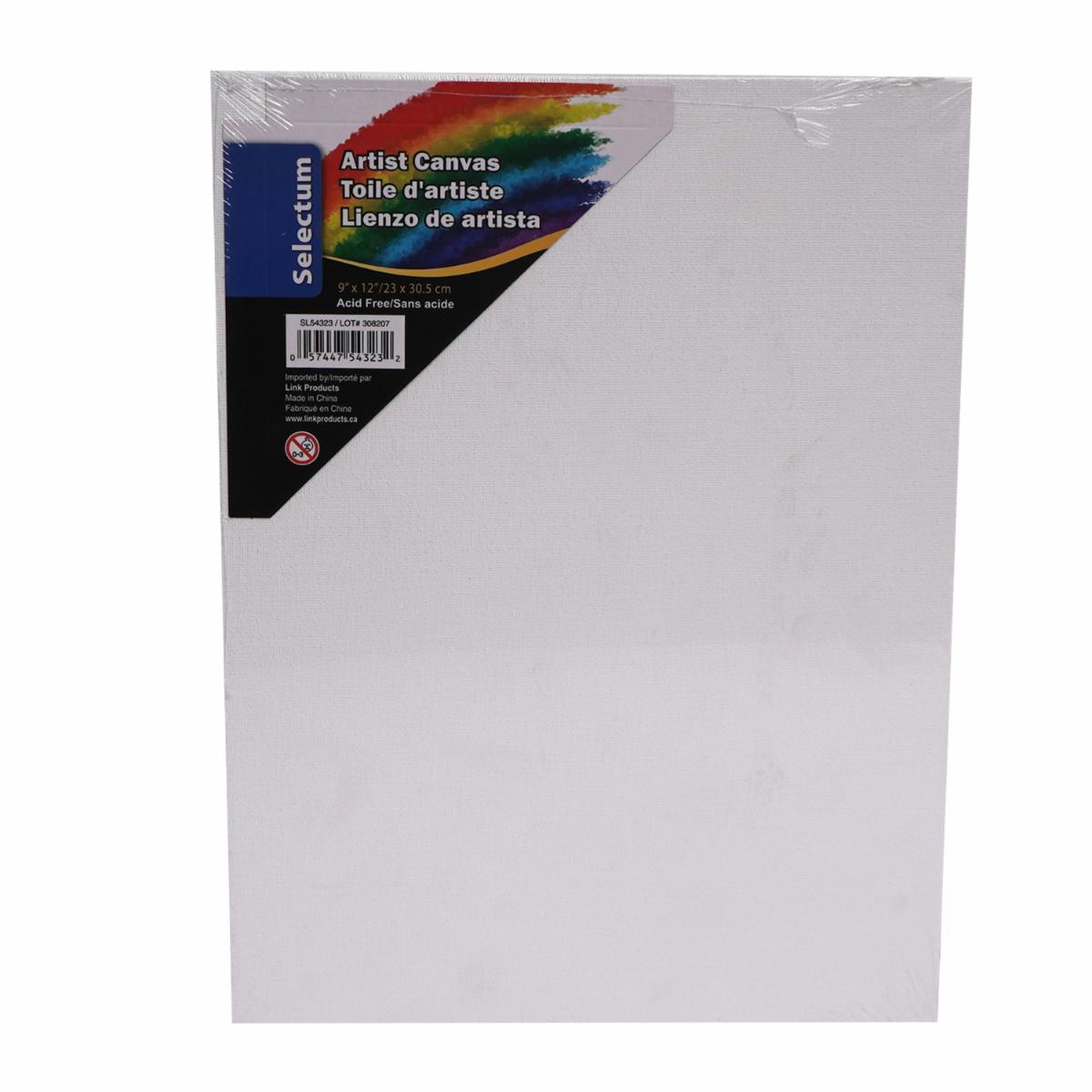 Panel Canvas Cotton LPS 280 GSM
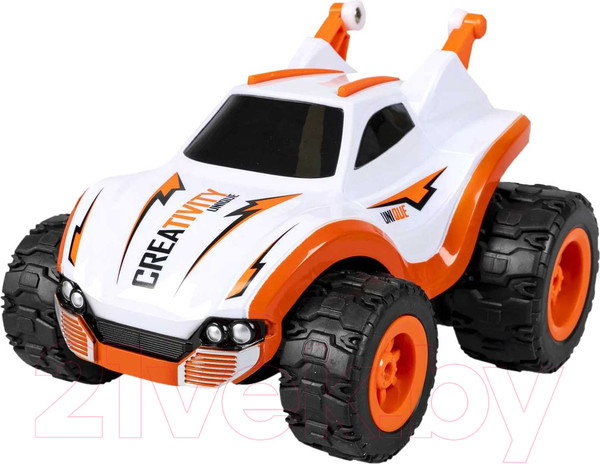 Изображение товара Радиоуправляемая игрушка Bondibon Каскадер Мини / ВВ6272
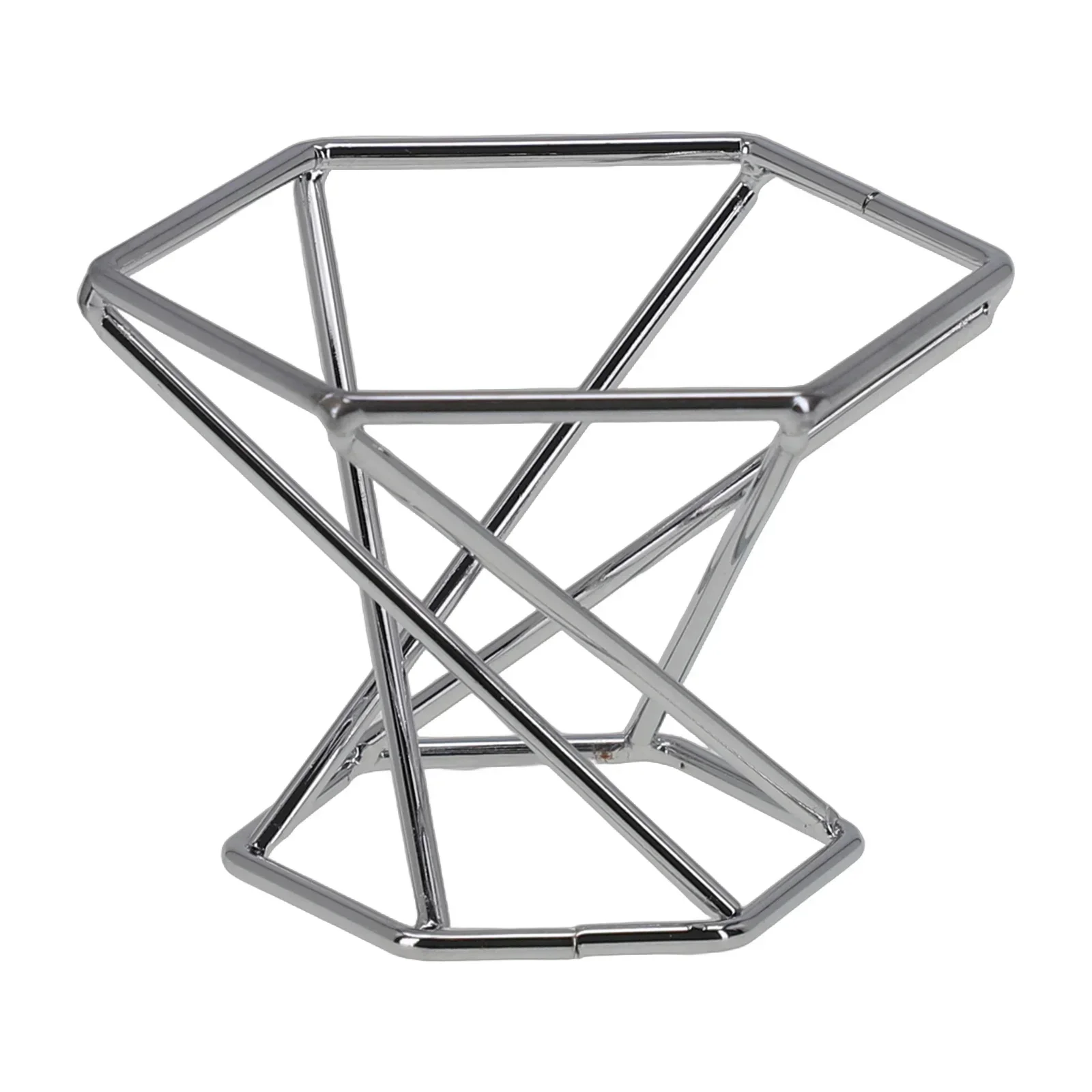 Premium Metal Display Rack for Baseball and Softball Sports Accessories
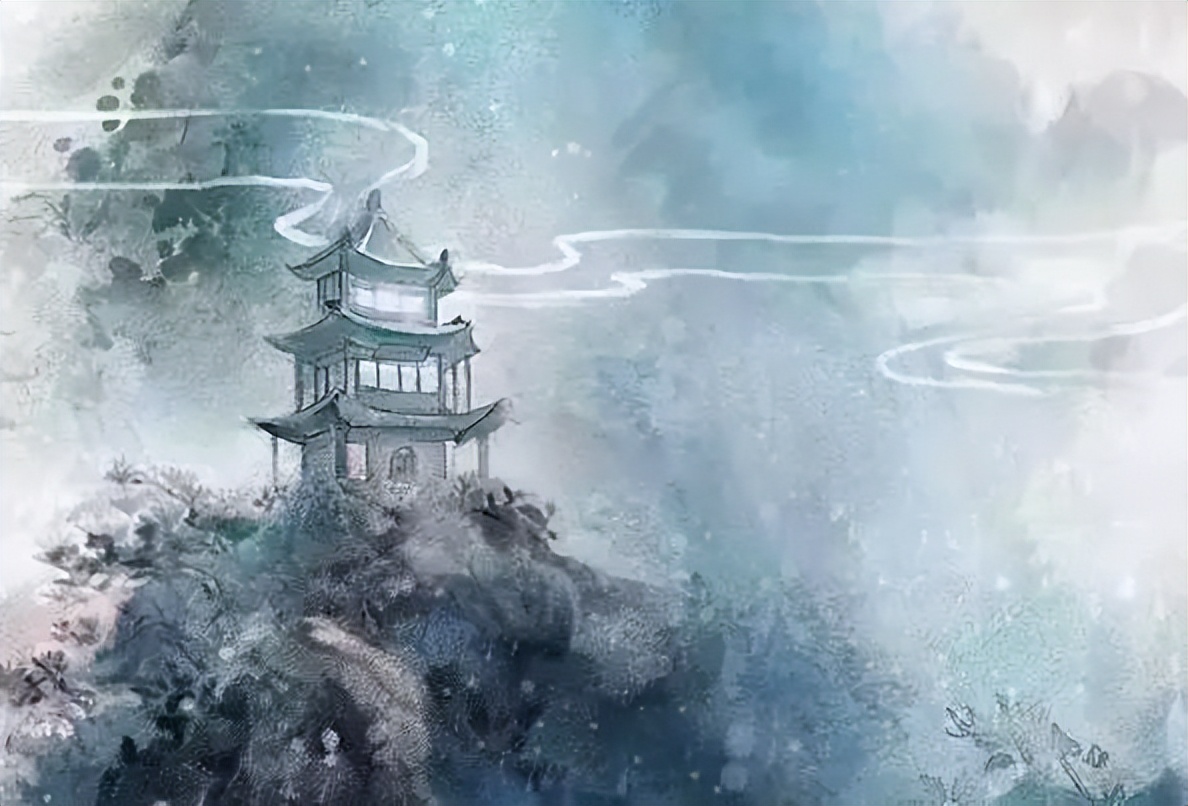 那些让人惊艳叫绝的诗句,让人拍案叫绝的55句诗词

━━━

» **TASK INSTRUCTIONS**
Please transcribe the listing exactly as it stands, but omit its pictures.

» **RESULT FOR THIS EXERCISE**
 Panel Canvas Cotton LPS 280 GSM
 Изображение товара Радиоуправляемая игрушка Bondibon Каскадер Мини / ВВ6272
 Premium Metal Display Rack for Baseball and Softball Sports Accessories
 那些让人惊艳叫绝的诗句,让人拍案叫绝的55句诗词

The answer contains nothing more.